When the Irish animated film “The Secret of Kells” received a surprise Oscar nomination in 2010, GKids, the boutique distribution company that mounted a stealthy but mighty grass roots campaign on its behalf, had been around for only a little over a year.
Back then, the company’s entire operation consisted of two full-time employees and one part-timer. But this year, Hayao Miyazaki’s “The Boy and the Heron” became GKids’s 13th release in their 15-year history to receive a nomination from the Academy of Motion Picture Arts and Sciences for best animated feature. The hand-drawn movie has a real shot at winning and becoming the first GKids release to do so.
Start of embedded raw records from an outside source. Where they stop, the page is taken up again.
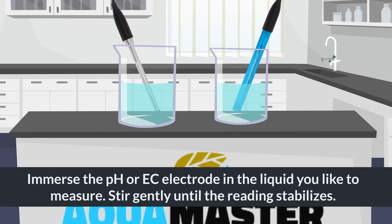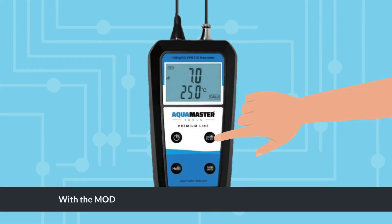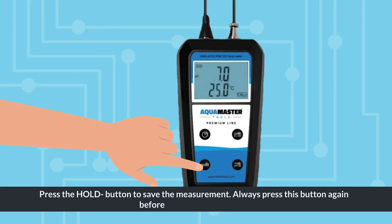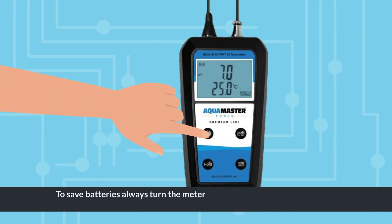Stir gently until the reading stabilizes. Press the temp button to switch between Celsius and Fahrenheit. With the mode button, you can switch between pH, EC, TDS, and PPM. Press the hold button to save the measurement. Always press this button again before taking a new measurement.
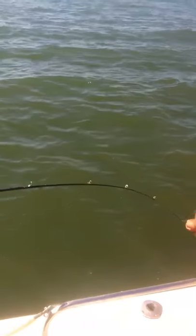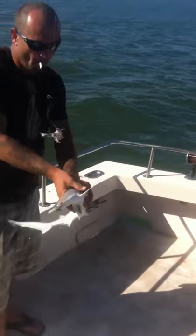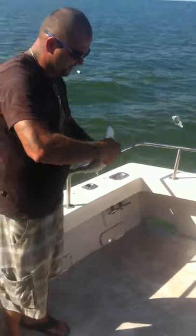Do you want to do a pull up? Oh! What is that? A bonnet head shark. A little baby hammerhead. A hammerhead, yeah? That's interesting, man. John, look at this hammerhead!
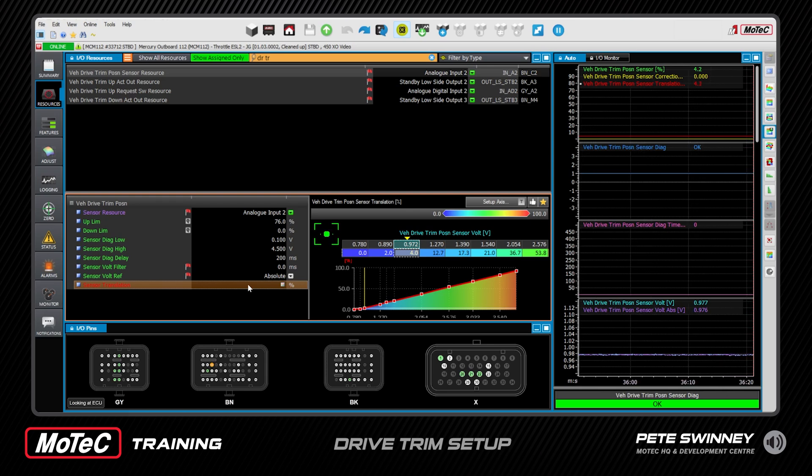Once down, keep trimming for five seconds and the ECU will learn an offset or correction. You can see up here in yellow we have our Sensor Correction, and you'll see it learn that voltage offset. This is the factory Mercury calibration for a drive trim sensor.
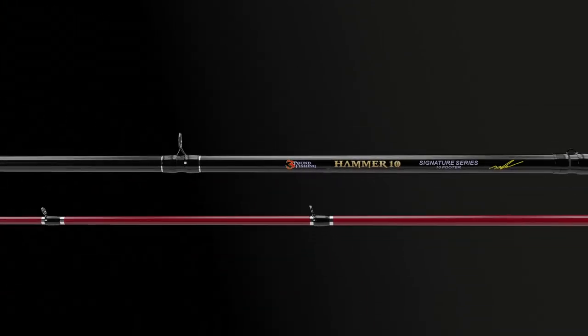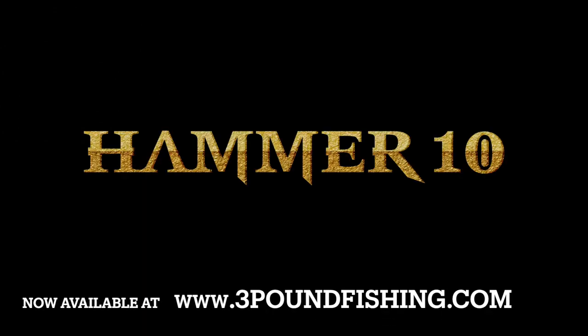All built in a two-piece design, available at 3 Pound Fishing or select bait stores around the country.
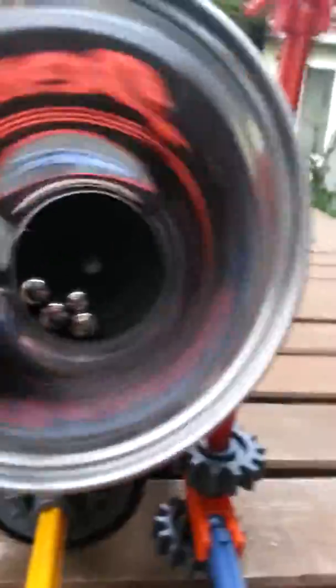You can see there's the wheel under there moving with the tennis ball container. That's basically it. Like my videos, comment, and subscribe.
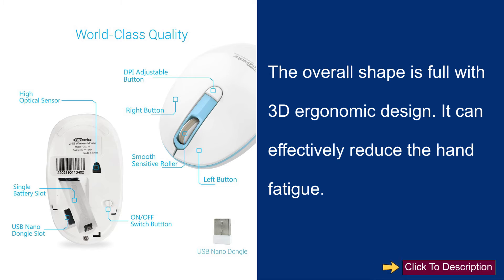The overall shape is full with 3D ergonomic design. It can effectively reduce hand fatigue.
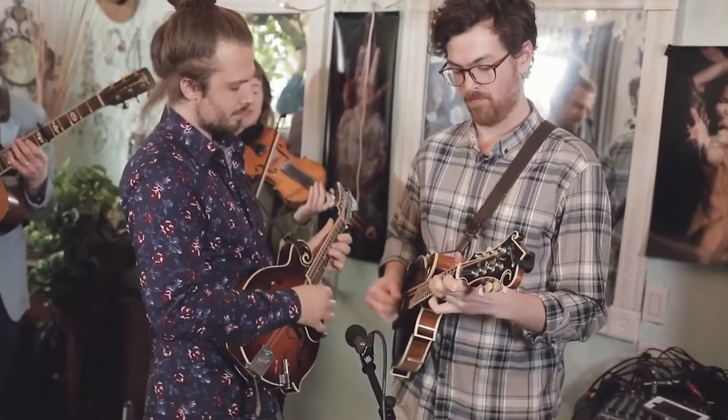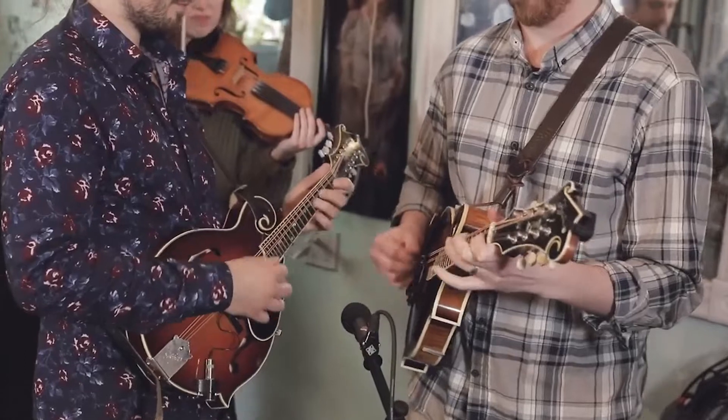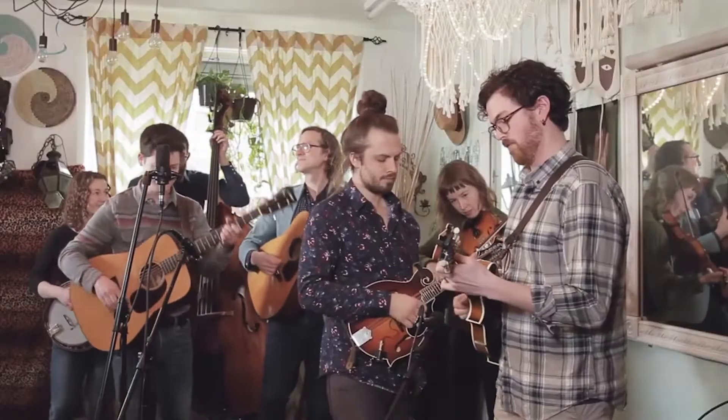This video is a mashup of a couple bluegrass standards, and towards the end of the arrangement we play a twin mandolin harmony version of one of my favorite fiddle tunes, Done Gone — a great tune in the key of B-flat. And if you don't know it, we're gonna break it down for you here.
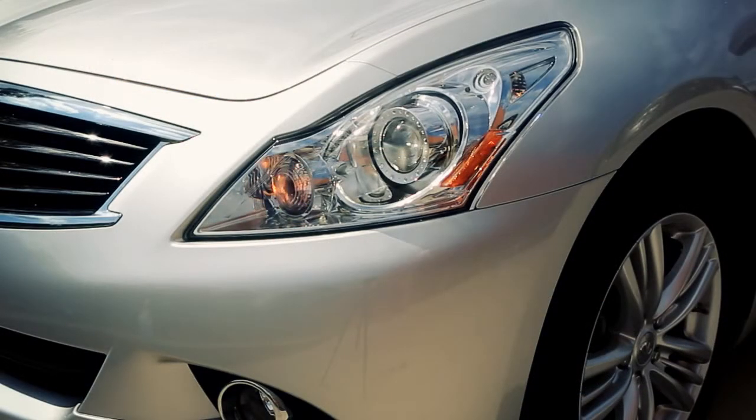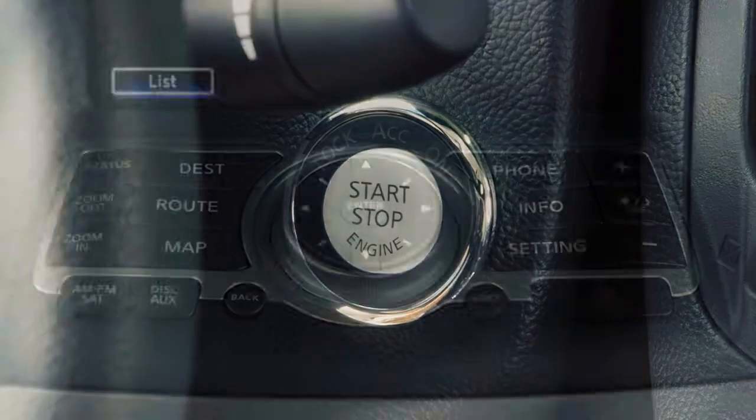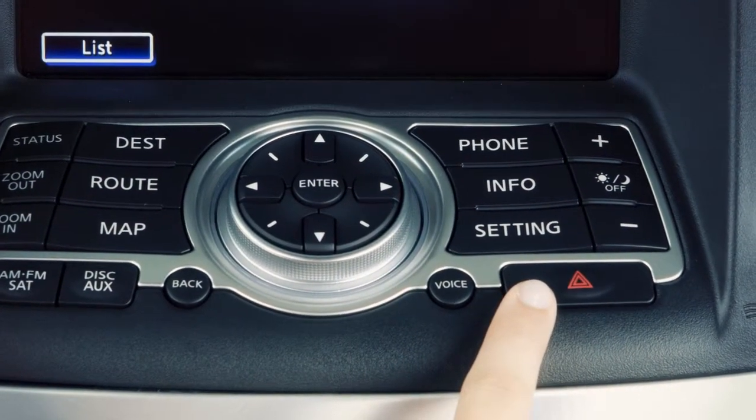All turn signal lights flash and will operate with the ignition switch placed in any position. Push the switch again to turn off your hazard warning flashers.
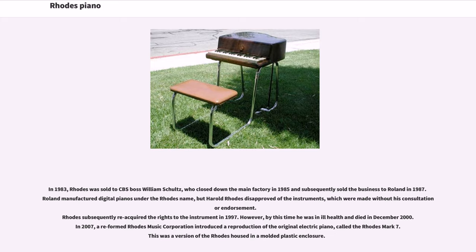In 1983, Rhodes was sold to CBS boss William Schultz, who closed down the main factory in 1985 and subsequently sold the business to Roland in 1987. Roland manufactured digital pianos under the Rhodes name, but Harold Rhodes disapproved of the instruments, which were made without his consultation or endorsement. Rhodes subsequently reacquired the rights to the instrument in 1997. However, by this time he was in ill health and died in December 2000. In 2007, a reformed Rhodes Music Corporation introduced a reproduction of the original electric piano, called the Rhodes Mark VII, housed in a molded plastic enclosure.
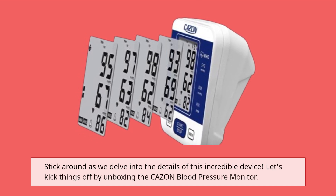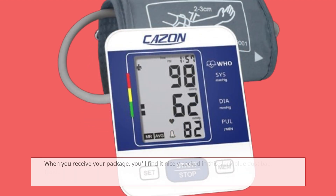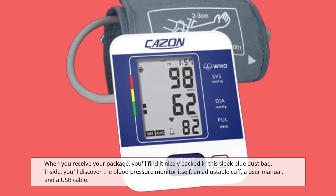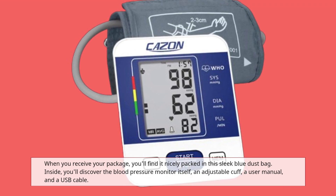Let's kick things off by unboxing the CAZON blood pressure monitor. When you receive your package, you'll find it nicely packed in this sleek blue dust bag. Inside, you'll discover the blood pressure monitor itself, an adjustable cuff, a user manual, and a USB cable.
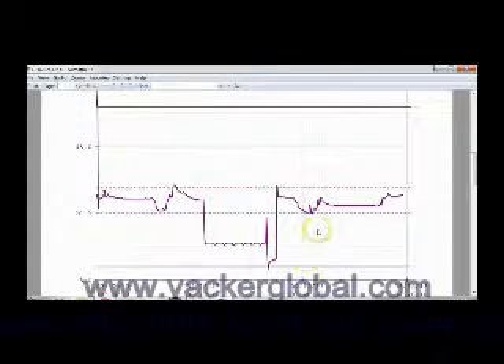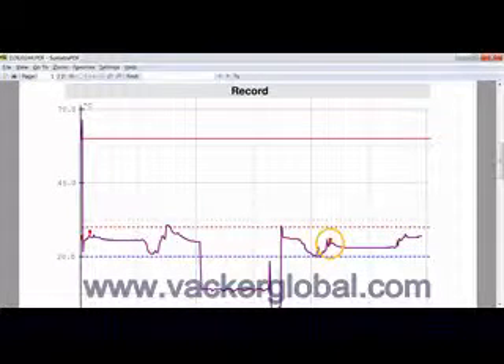You can specifically see the points where we applied hot air and those inside the freezer. The majority of the remaining duration was at room temperature. You can also see the benchmark set by pressing the start button.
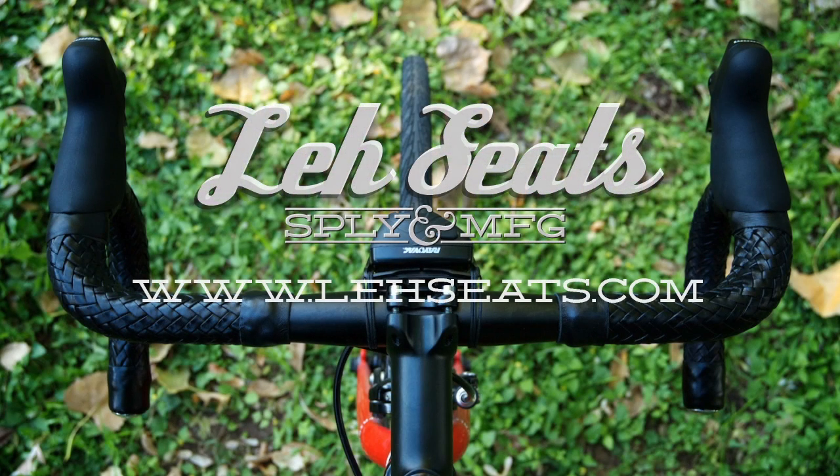Hi and welcome to Lay Seats' instructional video for our new braided slip-on bar wrap. This video shows the installation of the drop lever set. If you purchased the full wrap or the half wrap set, the installation will be much shorter, but follow along anyway.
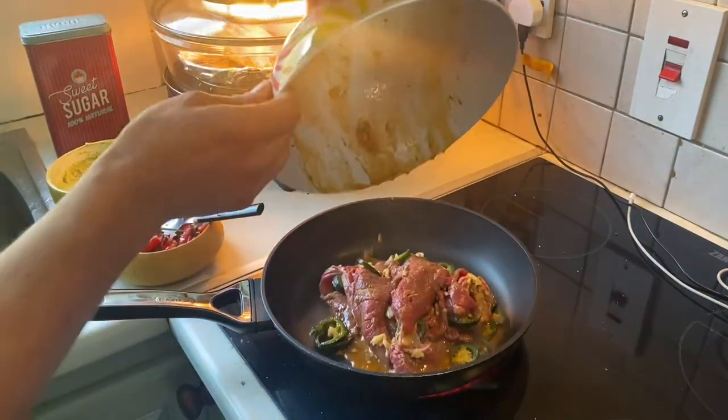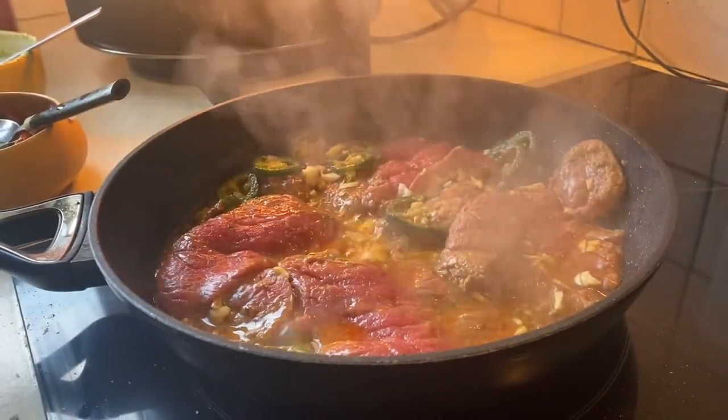Now sear your steak in a really hot pan. Try and get it for a minute to a minute and a half each side.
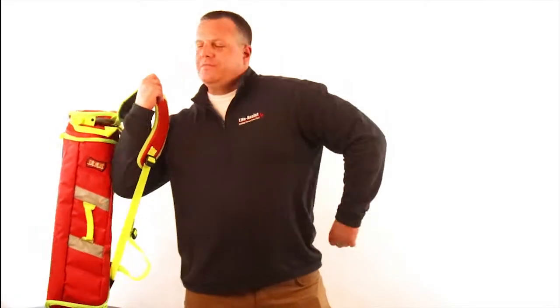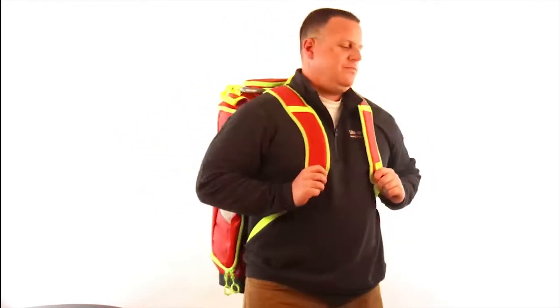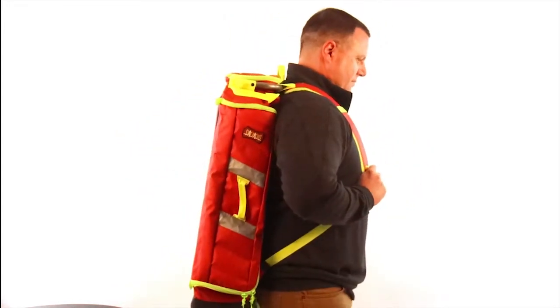The G3 Responder is a larger size bag that affords the user several different configurations, making it highly customizable for your department's needs.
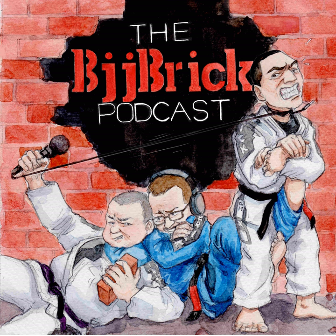Welcome back, my friend. This is BJJ Brick — your Quick Jiu-Jitsu Podcast. My name is Byron. This week we're talking about rolling with big people.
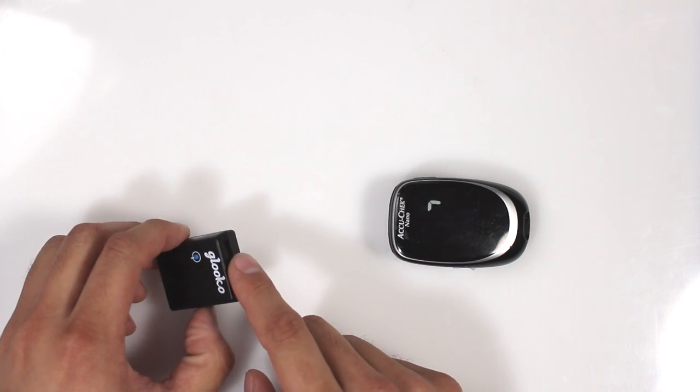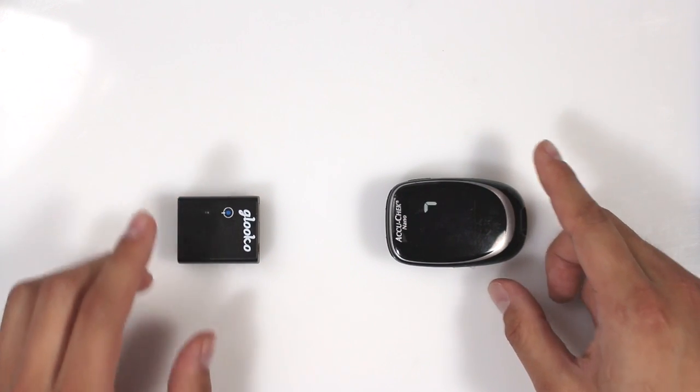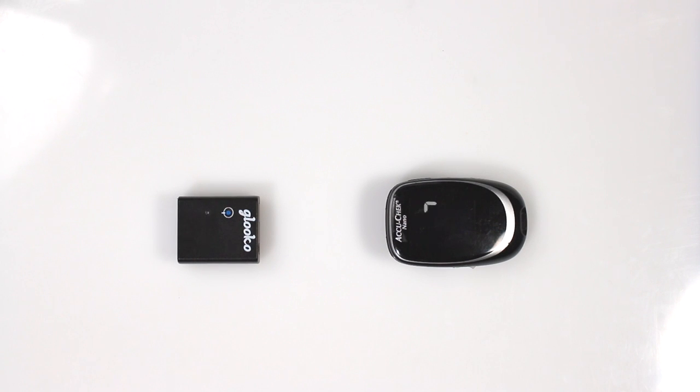Align the IR window at the top of Meter Sync Blue with your meter. Make sure you position the two devices 2-3 inches apart. That's it — you're ready to Sync.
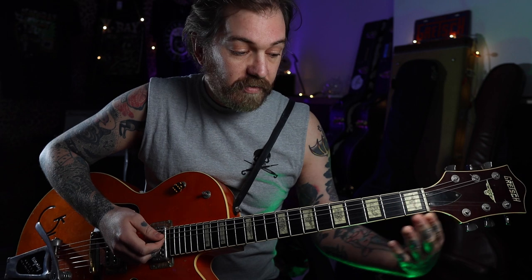Second fret, first finger on the A string, and then fourth fret — I'm going to do that with the ring finger on the D, G, and B. And we do an A chord.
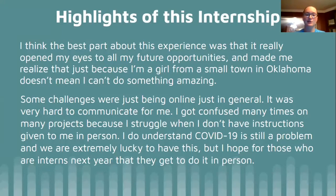Some highlights of this internship: I think the best part of this experience was that it really opened my eyes on my future possibilities and made me really think about what I want to do with myself in the future — not just what I want to do in college, but also what I want to do as a career as an adult. It also made me realize that just because I'm a small town girl in Oklahoma doesn't mean I can't do something so amazing. Nobody expected me to even get into this internship to begin with, so it was a big surprise and everyone in my entire town freaked out about it, and I'm just so grateful that this even happened.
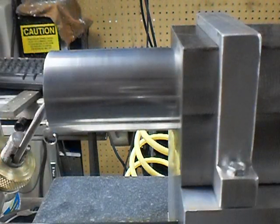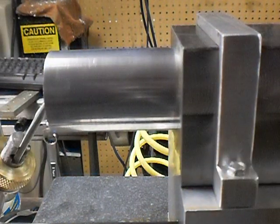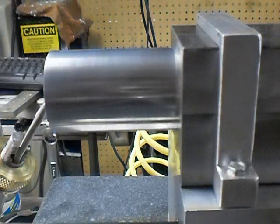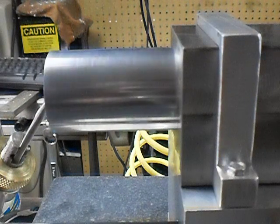I'm real happy with the way it turned out. It spins really nice, smooth — floats on air like it's supposed to. It'll sit there and spin for quite a while. I don't think you can get it much better than that.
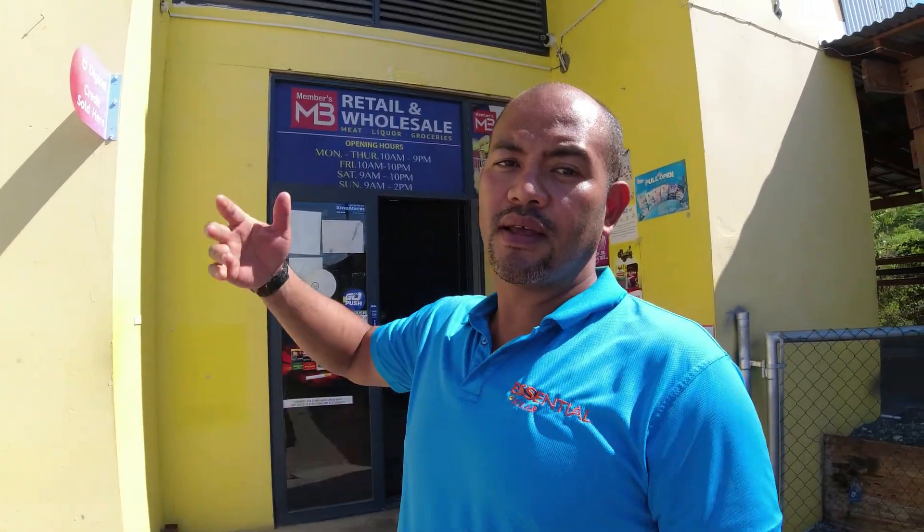That just stays in their pocket. This concludes the tour of MB Wholesale here in Greater Portmore — at least the solar system at MB Retail and Wholesale in Greater Portmore. I will catch you next time.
How has a small outfit focused on animation managed to have such an outsized effect in Hollywood?
Eric Beckman, a former music industry executive, founded GKids with the intent of redefining American audiences’ perception of animation as more than a children’s medium. At the time, family-friendly, computer-generated and stylistically similar studio productions had an even tighter stronghold on animation in the United States than they do today.
GKids has since filled a precious gap by consistently releasing bold animated work from around the world. For more than a decade now, it has also been entrusted with the North American distribution of titles in the catalog of the revered Japanese animation house Studio Ghibli, maker of “The Boy and the Heron.”
Beckman started in animation in a roundabout way. He co-founded the New York International Children’s Film Festival in 1997 with Emily Shapiro, his wife at the time. While the festival was not strictly an animation showcase, it allowed Beckman to develop meaningful relationships with numerous animation companies, including Studio Ghibli.